Para Mário Quintana (foto), o animal doméstico mais feroz é o relógio de parede. O poeta gaúcho relatou haver conhecido um que lhe devorou três gerações da família.

Um desses seres vorazes flutua na parede da sala de jantar de meus pais, após tragar quatro gerações de uma família do Piauí.

Há casos, entretanto, em que o homem se faz mais longevo do que a máquina. Diz-se que a idade de uma costureira pode ser estimada com considerável precisão pela quantidade de máquinas de costura Singer que lhe fizeram companhia.

Atualmente, não é exagero dizer que os smartphones, smartwatches, seus apps e redes sociais ditam nossa rotina e consomem nosso tempo com muito mais voracidade do que os objetos de outrora.

Além do tempo diário despendido com o brilho dos écrans, vale a pena refletir sobre a memória digital que se forma a partir do uso dessas tecnologias. A relação que os nativos digitais têm com a memória é muito diferente das gerações anteriores. O registro de imagens e vídeos de forma digital os torna mais duráveis, fidedignos, acessíveis e maleáveis, em relação à nebulosa e onírica memória biológica. A alta fidelidade com que a memória digital registra os eventos e o uso reiterado desses recursos ao longo da vida nos impelem a  recorrer cada vez menos à memória individual, no exercício da recordação.

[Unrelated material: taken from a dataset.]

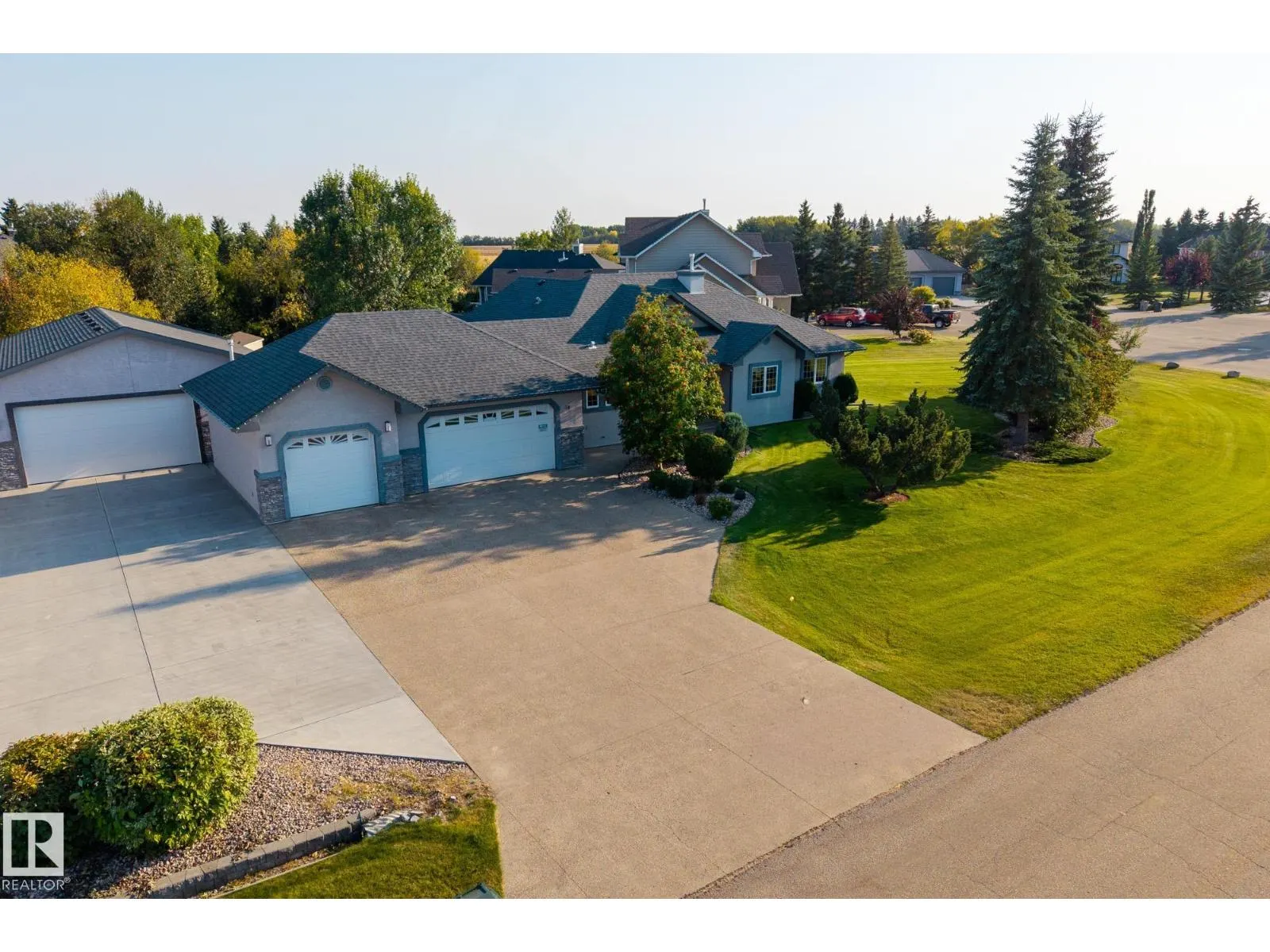19 COUNTRY LN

Ocorre que a memória digital das redes sociais não é livre e desinteressada, mas dirigida por algoritmos que são desenhados para servir aos interesses comerciais dos gigantes conglomerados econômicos de tecnologia. As recentes censuras manejadas pelo Twitter e Facebook contra o New York Post no caso Hunter Biden (para ficar apenas com esse exemplo) atestam que não existe neutralidade política por parte desses veículos. Portanto, ao nos fiarmos cada vez mais na memória digital, aumentamos o risco de sermos manipulados por organizações que fazem uso do mundo virtual para conseguirem mudanças no mundo real.

A nosso sentir, do ponto de vista individual, o antídoto para essa situação reside na definição e na constante reavaliação dos propósitos de vida.

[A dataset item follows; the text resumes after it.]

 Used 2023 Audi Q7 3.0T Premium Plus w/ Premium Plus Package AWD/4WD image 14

Para escapar da programação urdida pelas redes, convém que nos programemos diariamente para alinhar as nossas atividades cotidianas ao que realmente almejamos como pais, filhos, estudantes, profissionais, amigos, entre outros papéis que desempenhamos. Impende, outrossim, criar mecanismos legais e tecnológicos que garantam a liberdade de expressão, o direito à privacidade e ao esquecimento, bem como a persecução penal daqueles que fazem uso abusivo da memória digital. Em suma, é necessário que exerçamos permanente vigilância para que a memória digital se torne cada vez menos sujeita aos interesses comerciais e políticos de terceiros.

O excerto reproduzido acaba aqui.